When the reviewer from the Historical Novel Society wrote about Martin of Gfenn he called it a “quiet book.” The reviewer from the Zürcher Oberlander said something similar. I found myself thinking about that last night, then about my life, then my art, then my brother… Strange cascade of realizations.
I looked at my paintings a lot yesterday, the ones that are in the co-op store. They’re quiet, too. They’re conventional (superficially) landscapes in realistic (nearly) colors. I don’t take big chances with them, and if there is any self expression in them, it is in the way something is seen and rendered, not in the subject of the painting.
I thought about how I have been affected by paintings inside buildings — directly on walls — that I’ve seen in Europe, paintings that on the surface are all pretty much the same (as Goethe pointed out) but in fact, are not the same when you give yourself a chance to know them, to really look at them. I thought of Martin, the protagonist in my novel, Martin of Gfenn and how his whole brief life was focused on painting just this, conventional scenes in ways others could recognize and yet he had a vision of his own. I began to see how much my own writing, that story, has influenced me.

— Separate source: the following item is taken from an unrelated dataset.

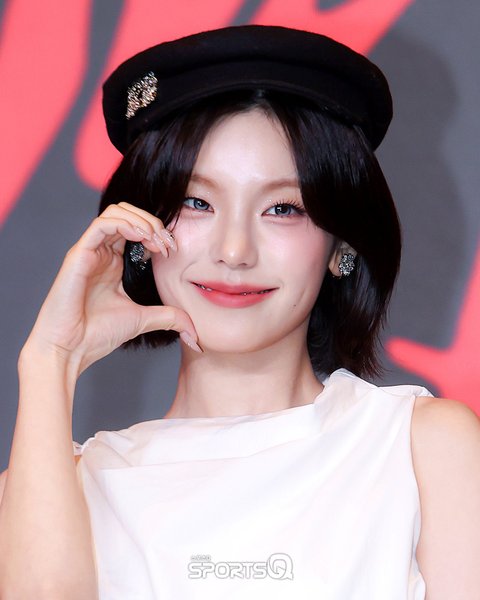 예지 기사사진 ㅈㄴ이쁘네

I once had a different view of art, of painting. That it should be all about expressing the self, and I still think of myself as an expressionist painter, but my perspective on that has changed. Often all I want to do is show another person how I’ve seen something they’ve probably seen too, but not in the way I have. It’s just something that says, “Look!”
That’s what I’ve learned from looking at nine hundred million paintings of Mary and Jesus, I guess. Goethe wrote about this, how the artists of the past (particularly medieval artists who are, in my mind, chronically under-appreciated and mis-perceived) were “trapped” by the requirements of their time. Goethe, and others, assume a different set of values — their own values — and imagine that the painters of the past felt constrained and constricted. I’m not sure they did. First, the relationship between man and God was different in medieval times and, second, they were not painting as I do — for my own self — they were painting to put food on their family’s tables. Painting was everywhere; medieval buildings were painted elaborately inside and out. Painting was a job. An artist would improve just through the labor of a days work, day after day after day. I don’t know that these artists were attacking the surfaces of self and reality. I think they were painting walls.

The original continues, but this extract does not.